Philadelphia jumped out to an early lead in the contest -- they outscored L.A. 32-22 in the first frame -- and they were largely able to keep the Lakers at arms' length after that. They took a 54-48 lead into the halftime locker room, and ultimately walked away with a convincing 105-97 win. As he has all season, Joel Embiid led the way for Philadelphia with 26 points, nine rebounds and seven assists, while Tobias Harris added 23 points, five rebounds and four assists of his own.
Anthony Davis paced L.A. with 31 points and 12 rebounds, and Russell Westbrook had 20 points, four rebounds and three assists, but ultimately their combined production wasn't enough to lead the Lakers to victory in James' absence.
The two teams will meet again in L.A. in late March, but before moving ahead with the season's schedule, here's a look at three key takeaways from Philadelphia's victory on Thursday night.
Embiid makes (more) 76ers history
It seems like All-Star center Joel Embiid makes Sixers franchise history on a nightly basis this season, and Thursday night was no exception. Prior to tipoff, Embiid was named an All-Star starter for the fifth consecutive season, and with his point production against the Lakers, the big man passed Sixers legend Moses Malone (7,511 points) for 16th on Philadelphia's all-time scoring list.
The contest was also the 16th straight game that Embiid scored at least 25 points, which is the second longest streak in franchise history. Only Allen Iverson, who accomplished the feat in 27 straight games during his MVP campaign in 2001, has a longer streak in Sixers history.
Embiid is having an absolutely historic season for Philadelphia, and it sure doesn't seem like he plans on slowing down any time soon.
Dominant defense from Matisse Thybulle
Matisse Thybulle has garnered a reputation as one of the best perimeter defenders in the entire NBA, and that skill set was on full display against the Lakers. In 29 minutes of action, Thybulle compiled four steals and a block against L.A., and as they often do, a couple of those steals led directly to easy transition opportunities for Philadelphia.
Early in the third quarter, Thybulle intercepted a pass from Malik Monk intended for Westbrook at the top of the key and took it the opposite direction for a two-handed flush:
The play came at a point in the game when Philadelphia was up by just seven points, and in turn it provided a big boost of momentum when the Sixers needed it. Then, mere minutes later, Thybulle secured another steal, this time by leaping to snag a Westbrook pass out of the air and fluidly flipping it ahead to Tyrese Maxey for an uncontested finish:
Those two plays really helped to swing the game in Philadelphia's favor, and they serve as excellent examples of why Thybulle has become such an integral part of Philadelphia's rotation, especially in Ben Simmons' absence.
Anthony Davis looked like his old self
If there was a silver lining for the Lakers in this game, it was the play of Anthony Davis, who was playing in just his second game after missing 17 straight with a MCL injury.

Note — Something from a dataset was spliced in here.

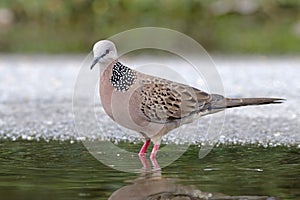 Spotted Dove Spilopelia chinensis Male Cute Birds of Thailand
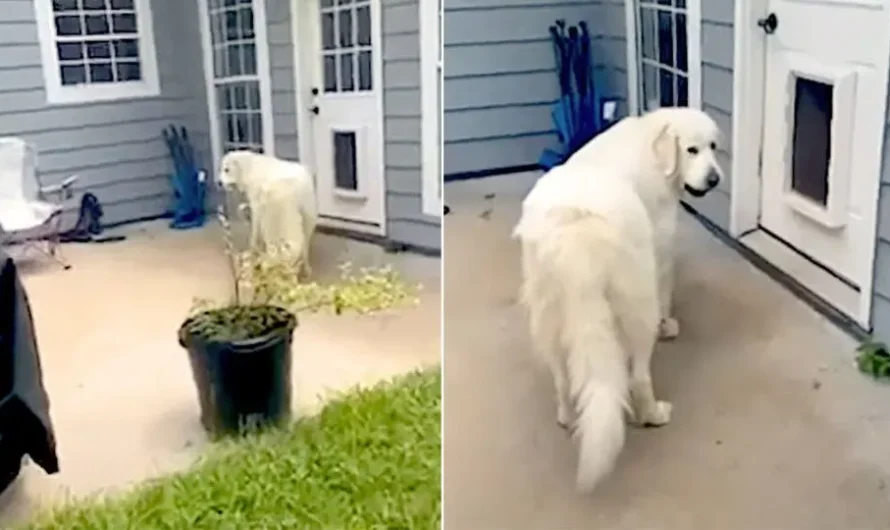 Friendly Dog Tries To Sneak In Unusual Friend Into The House Before Mom Sees Her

After playing 25 minutes and scoring just eight points in his return game against the Nets in Brooklyn on Tuesday, Davis looked a lot more like his usual self against the Sixers. Davis played 34 minutes and scored 31 points in Philly, and he also secured 12 rebounds. His efficiency was also encouraging, as he shot 14-for-21 from the field.

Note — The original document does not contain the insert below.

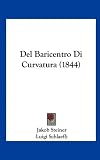 Del Baricentro Di Curvatura (1844) (Italian Edition)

Obviously, the Lakers will need Davis to be at (or near) full strength if they're going to make any sort of a real run this season, so the fact that he appears to be bouncing back and rounding into form after a long layoff is a solid sign for L.A. Now, they just need Davis, James and Westbrook to all be healthy at the same time so that they can start developing some chemistry and cohesion before postseason play.